Slowly but surely, however, officials say they are beginning to chip away at the project list.

For example, work is almost complete on a rehabilitation of the Lafayette Square Memorial Fence, which, since 1934, has surrounded part of the Soldiers' National Cemetery. The project to remove lead-based paint and repair broken parts of the fence will cost about $219,000 when all is said and done.

It's the first time in a long time that significant work has been done to maintain the fence, which once stood on Lafayette Square in Washington D.C., but was given to the Gettysburg Battlefield Memorial Association by Congress to be erected around East Cemetery Hill in 1889. In 1934, it was relocated to the cemetery.

"From a distance, the fence looks like it's not in bad shape," Pratt said. "As you get up close, you can certainly see some of the flaws."

But many more millions of dollars are needed if the park is to truly catch up on its backlog.

Standing on the corner of Table Rock and Biglerville roads is a building that can only be described as decrepit. The metal roof of the John Blocher Farm house is deteriorating and the mortar is crumbling. The structure's floor is covered with rotted wood and paint that has flaked from the walls and ceilings.

Just to stabilize - not rehabilitate - the building would require more than $117,000. After a quick glance around the building, Pratt said he wouldn't be surprised if rehabilitation cost more like $150,000.

"But I think you could easily double that," he said.

For now, Pratt said, all the park can do is let the building breathe through screened-in windows until the funding is available to work on it.

The same is true of the Josiah Benner Barn, located on Old Harrisburg Road.

Acquired by Gettysburg National Military Park in 2001, the barn was in the line of advance by Gen. Jubal Early's Confederate division on the afternoon of July 1. The walls and height of the building provided cover for skirmishers on both sides during various portions of the conflict, and the building was later used as a hospital.

Before the park could even embark on a $485,521 rehabilitation project, officials need to complete a $85,000 historic structures report.

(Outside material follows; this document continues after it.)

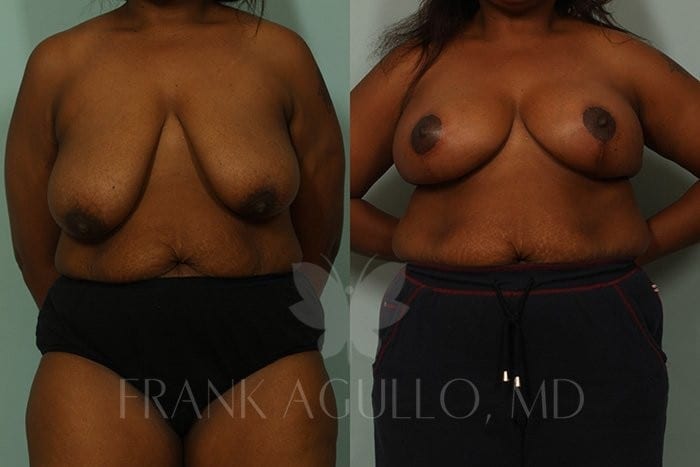 Breast Lift Before and After 10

Each year, the park submits its list of projects in need of funding - which currently number about four dozen - to the National Park Service for consideration. Park Service officials at a regional and national level then decide which parks and which projects receive funds.

Even if enough funding becomes available in the future to do all of the projects, Pratt said old structures are in constant need of attention. Regular maintenance, however, is the key, he said.

"I think we're making progress, but the list keeps growing," he said. "It's always in a constant decline. But you have to get the structure in a good condition again and try to maintain them."